GIVEN INFORMATION>
- Opening Delimiter -
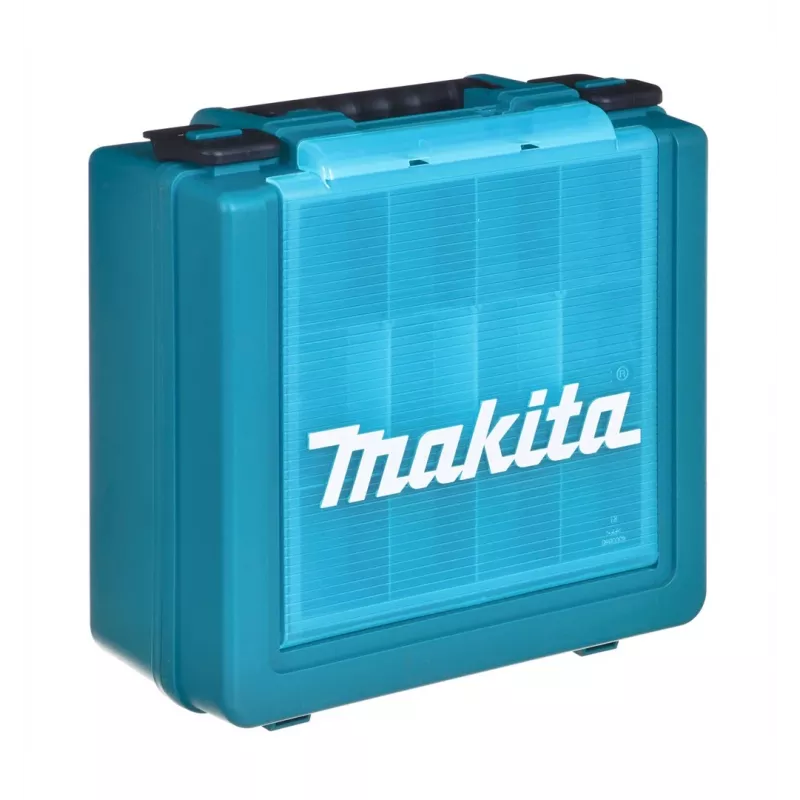 Wiertarka Makita HP1630K kluczyk 3200 obr./min czarno-niebieska 2,1 kg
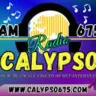 Radio Calypso 64 kbps AAC Plus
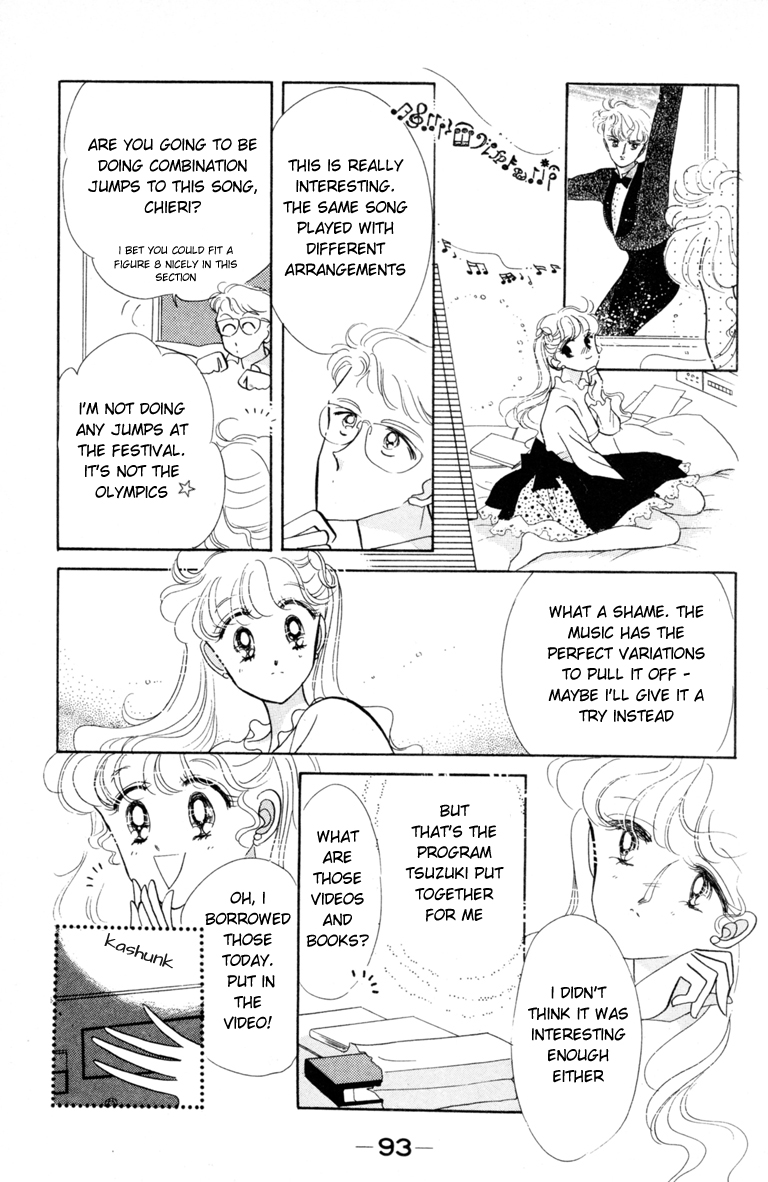 Halaman dari The Cherry Project Chapter 3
- Closing Delimiter -
GOAL OF THE EXERCISE>
Copy out the data verbatim, with no pictures.

OUTPUT>
 Wiertarka Makita HP1630K kluczyk 3200 obr./min czarno-niebieska 2,1 kg
 Radio Calypso 64 kbps AAC Plus
 Halaman dari The Cherry Project Chapter 3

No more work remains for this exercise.